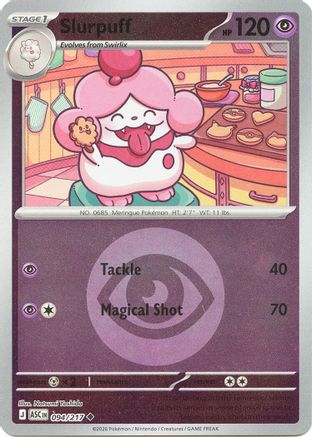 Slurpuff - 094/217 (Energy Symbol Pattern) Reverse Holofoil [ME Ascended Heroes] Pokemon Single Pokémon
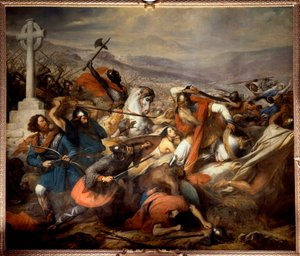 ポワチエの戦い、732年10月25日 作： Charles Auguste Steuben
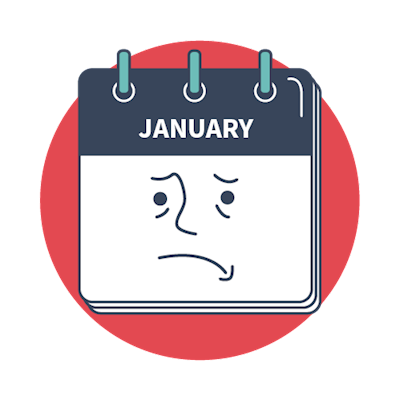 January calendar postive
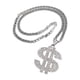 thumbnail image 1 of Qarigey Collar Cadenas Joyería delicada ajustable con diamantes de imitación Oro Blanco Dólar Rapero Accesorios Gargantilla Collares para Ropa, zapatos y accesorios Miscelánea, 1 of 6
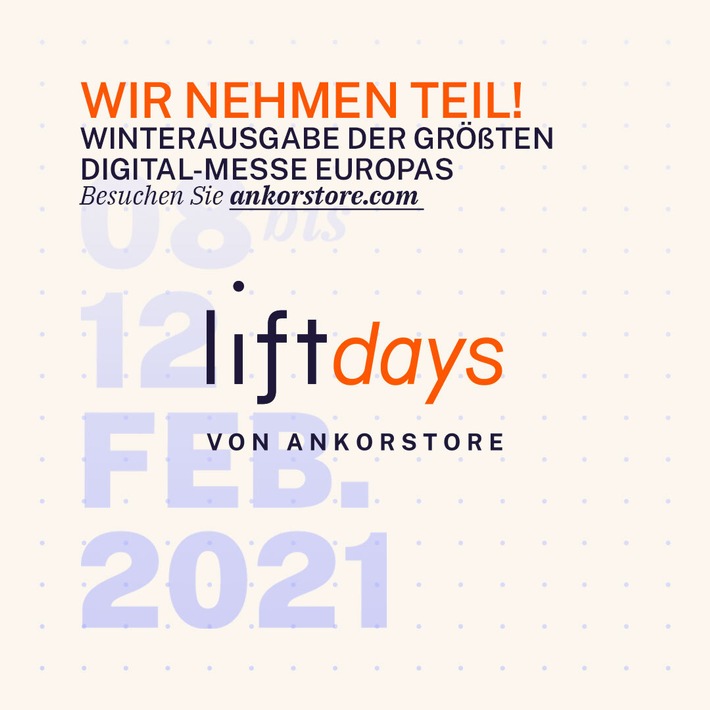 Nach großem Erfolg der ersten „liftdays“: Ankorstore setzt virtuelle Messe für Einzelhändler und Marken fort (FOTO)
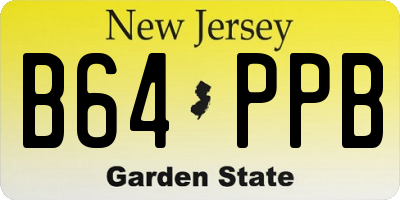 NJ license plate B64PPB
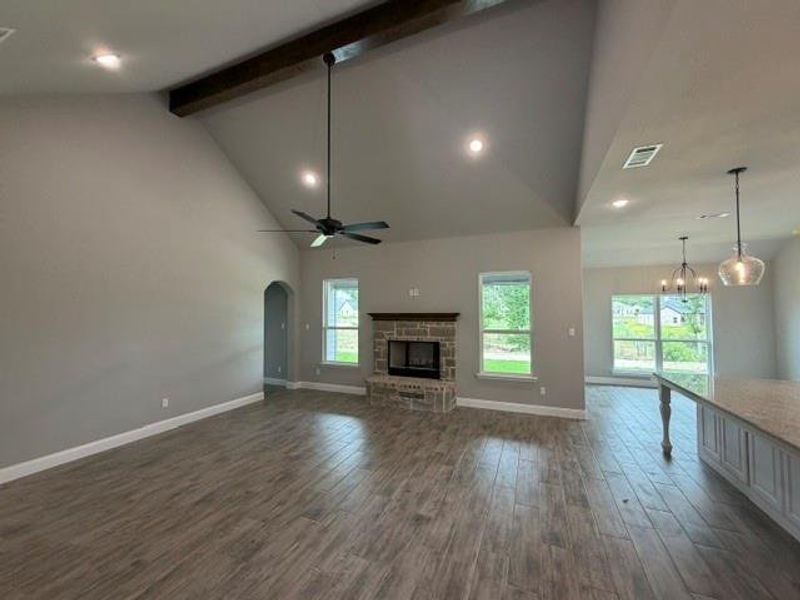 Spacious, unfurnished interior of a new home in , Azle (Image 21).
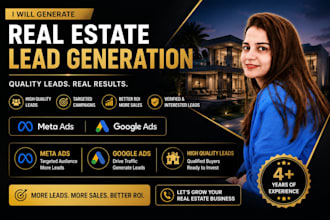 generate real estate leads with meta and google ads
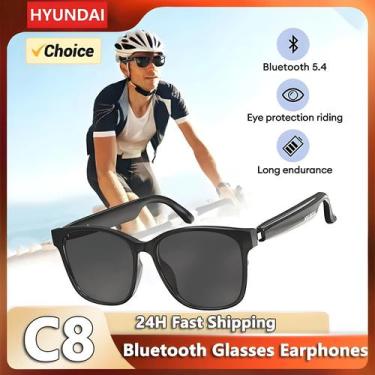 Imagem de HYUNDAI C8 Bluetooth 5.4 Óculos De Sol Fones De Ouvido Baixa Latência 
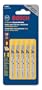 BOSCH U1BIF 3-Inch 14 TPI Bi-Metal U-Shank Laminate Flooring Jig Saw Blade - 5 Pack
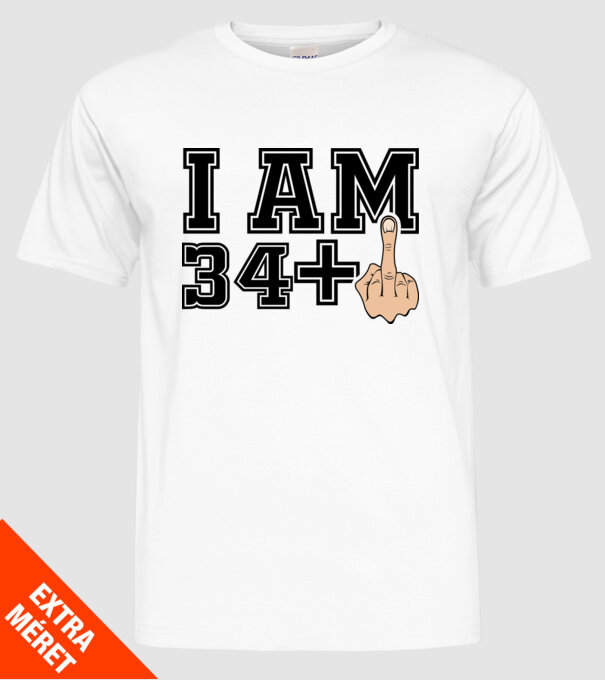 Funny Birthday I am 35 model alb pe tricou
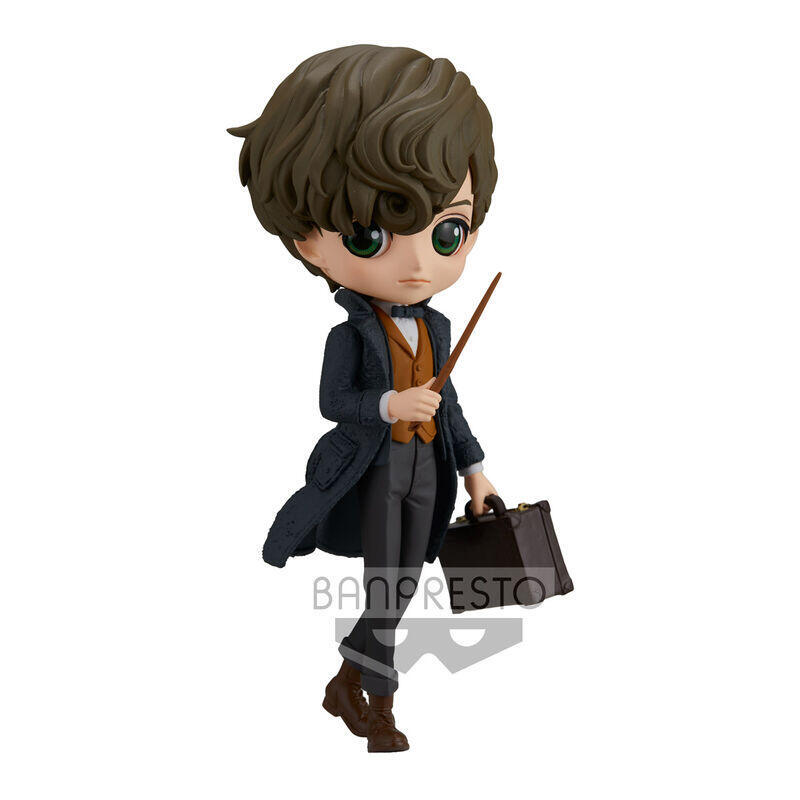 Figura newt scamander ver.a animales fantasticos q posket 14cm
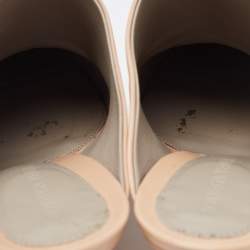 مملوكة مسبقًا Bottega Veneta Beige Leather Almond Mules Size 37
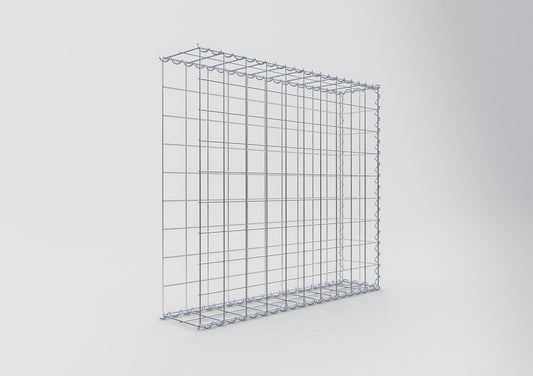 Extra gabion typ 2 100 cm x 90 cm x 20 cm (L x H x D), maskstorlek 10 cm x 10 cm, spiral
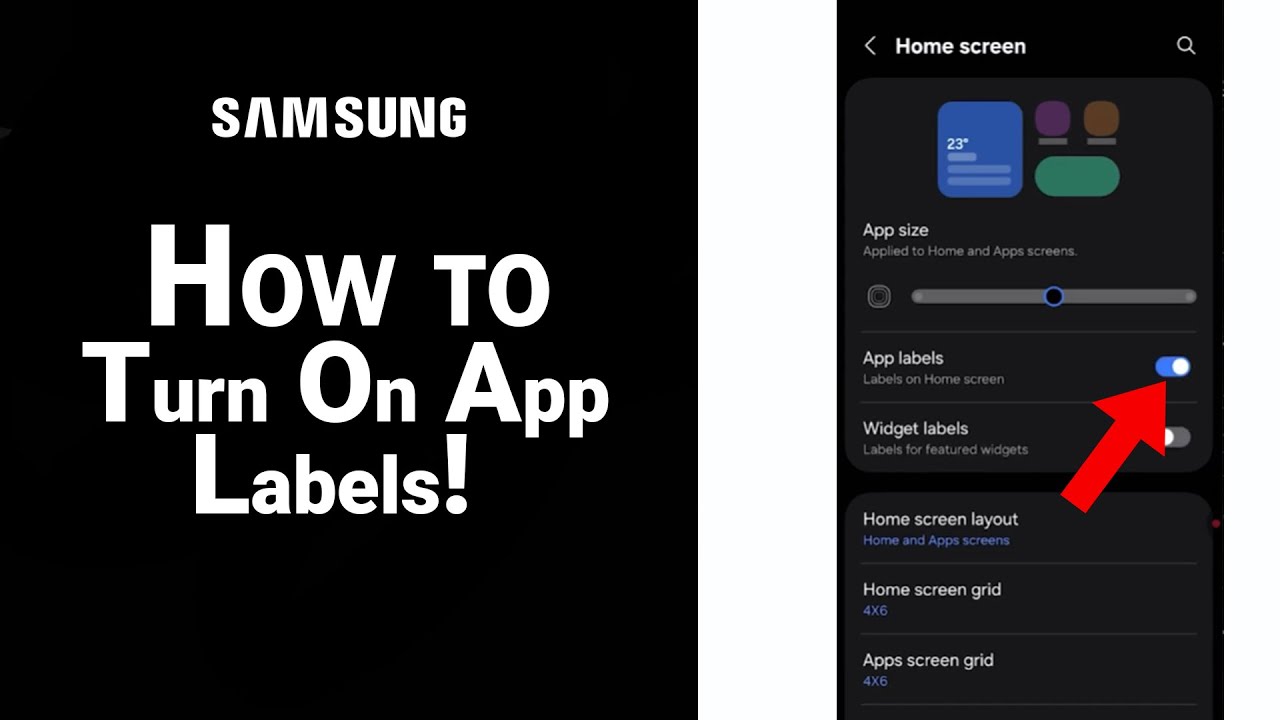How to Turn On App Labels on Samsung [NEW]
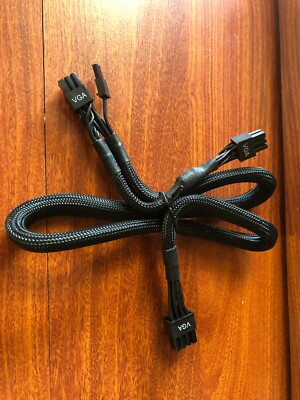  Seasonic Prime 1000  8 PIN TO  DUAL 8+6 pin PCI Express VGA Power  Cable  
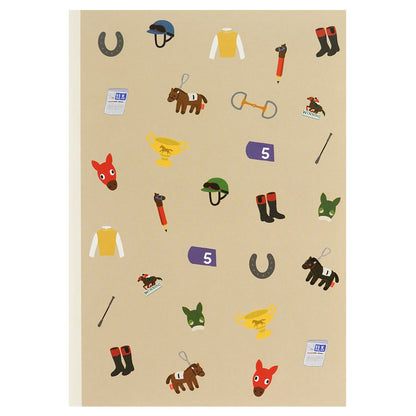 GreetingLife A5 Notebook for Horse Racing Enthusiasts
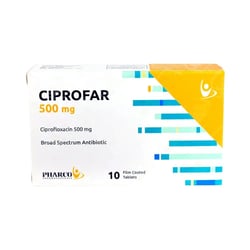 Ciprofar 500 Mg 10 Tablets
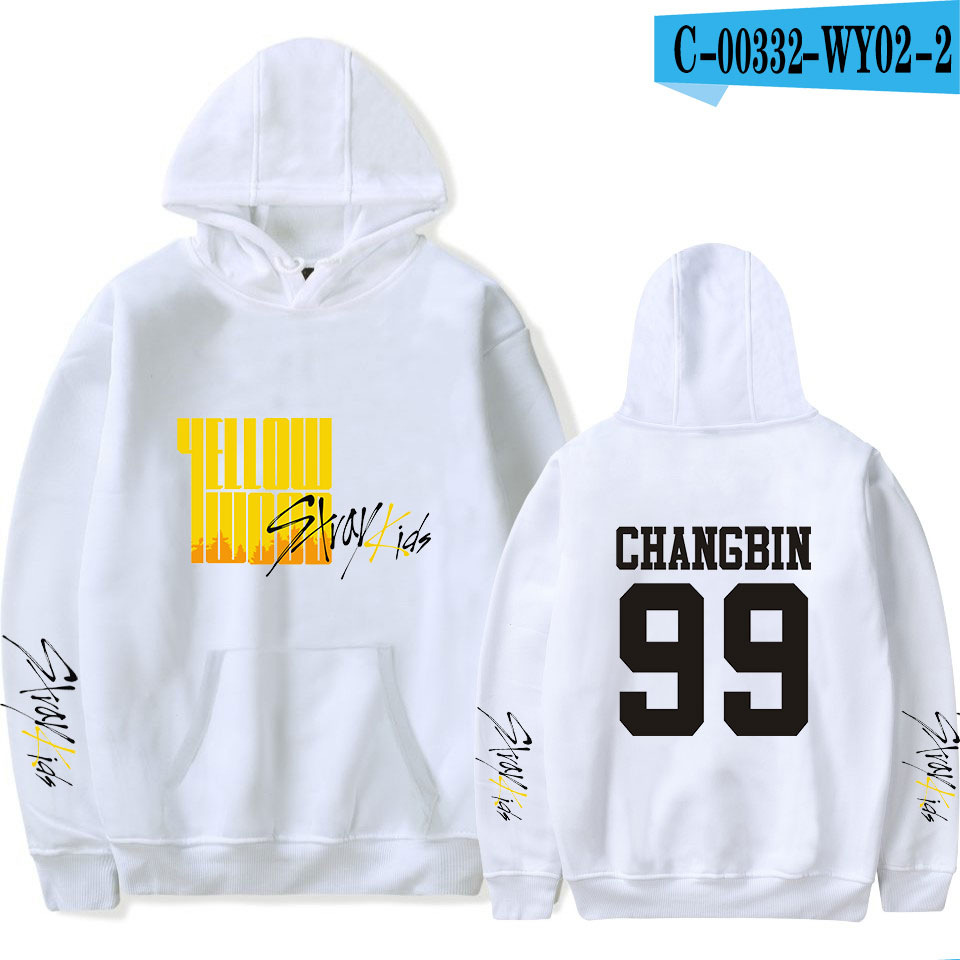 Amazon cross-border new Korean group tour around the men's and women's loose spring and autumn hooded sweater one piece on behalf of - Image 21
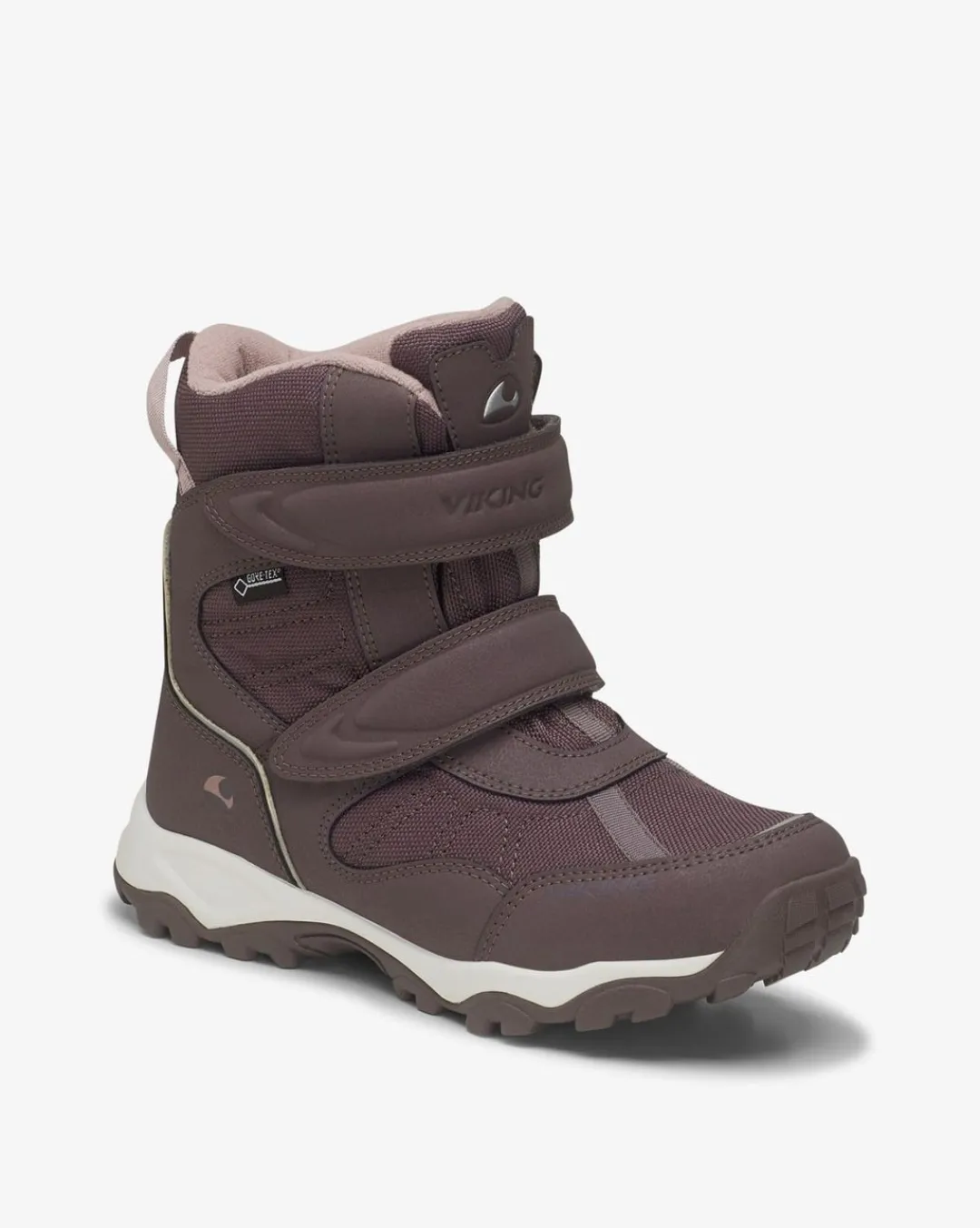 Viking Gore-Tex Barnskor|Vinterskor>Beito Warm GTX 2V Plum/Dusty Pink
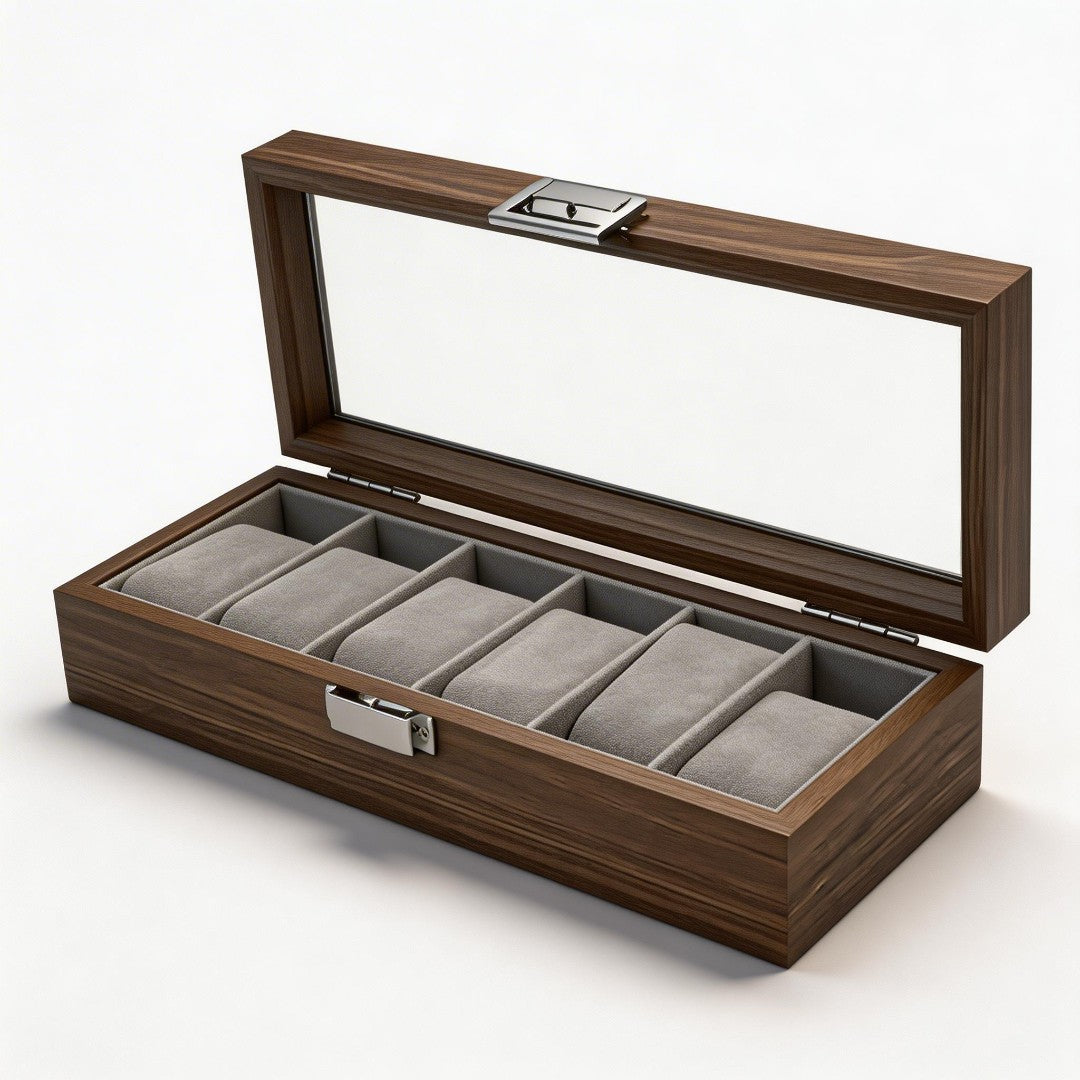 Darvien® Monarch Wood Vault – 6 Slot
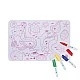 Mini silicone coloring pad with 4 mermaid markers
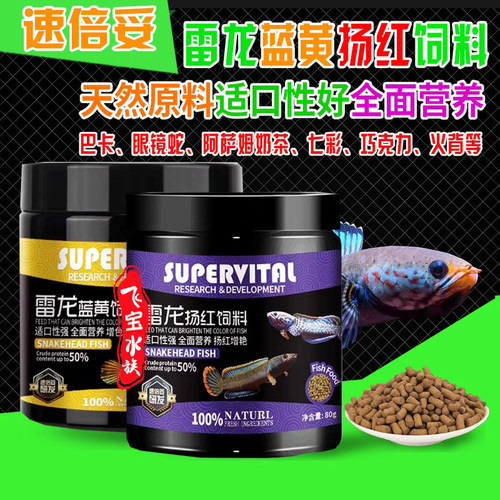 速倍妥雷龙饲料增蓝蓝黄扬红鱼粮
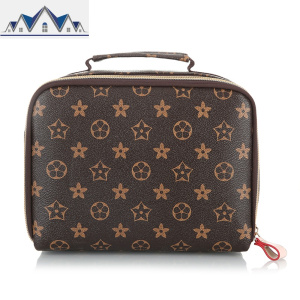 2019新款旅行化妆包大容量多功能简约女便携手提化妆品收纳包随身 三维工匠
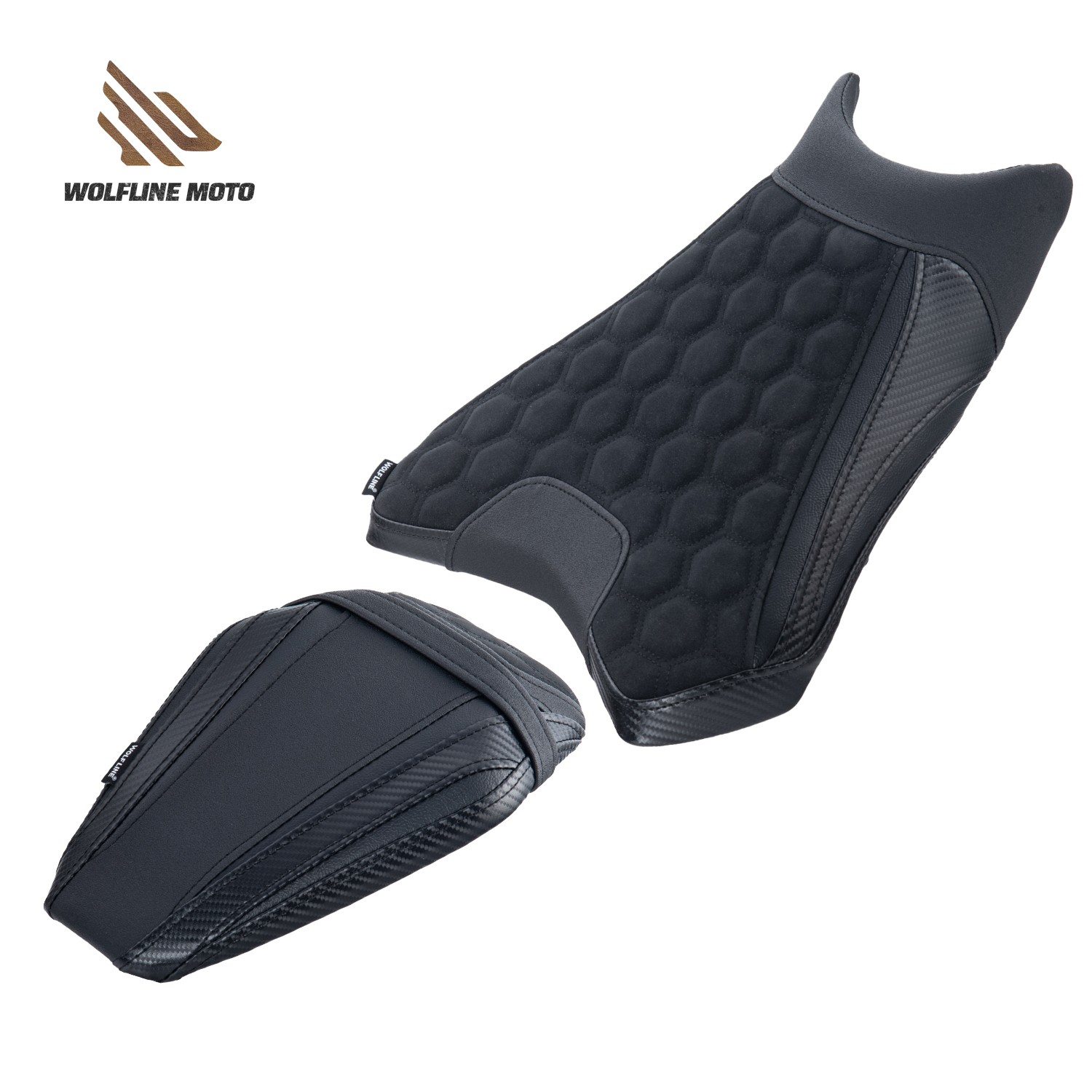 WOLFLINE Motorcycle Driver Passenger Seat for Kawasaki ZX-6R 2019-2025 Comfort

....

◆ **What you need to do**
Output exactly those lines of the data above that run from the line with "ポワチエの戦い、732年10月25日 作： Charles" up to and including the line with "How to Turn On App Labels on Samsung [NEW]". No pictures go in.

◆ **Exercise solution**
 ポワチエの戦い、732年10月25日 作： Charles Auguste Steuben
 January calendar postive
 thumbnail image 1 of Qarigey Collar Cadenas Joyería delicada ajustable con diamantes de imitación Oro Blanco Dólar Rapero Accesorios Gargantilla Collares para Ropa, zapatos y accesorios Miscelánea, 1 of 6
 Nach großem Erfolg der ersten „liftdays“: Ankorstore setzt virtuelle Messe für Einzelhändler und Marken fort (FOTO)
 NJ license plate B64PPB
 Spacious, unfurnished interior of a new home in , Azle (Image 21).
 generate real estate leads with meta and google ads
 Imagem de HYUNDAI C8 Bluetooth 5.4 Óculos De Sol Fones De Ouvido Baixa Latência 
 BOSCH U1BIF 3-Inch 14 TPI Bi-Metal U-Shank Laminate Flooring Jig Saw Blade - 5 Pack
 Funny Birthday I am 35 model alb pe tricou
 Figura newt scamander ver.a animales fantasticos q posket 14cm
 مملوكة مسبقًا Bottega Veneta Beige Leather Almond Mules Size 37
 Extra gabion typ 2 100 cm x 90 cm x 20 cm (L x H x D), maskstorlek 10 cm x 10 cm, spiral
How to Turn On App Labels on Samsung [NEW]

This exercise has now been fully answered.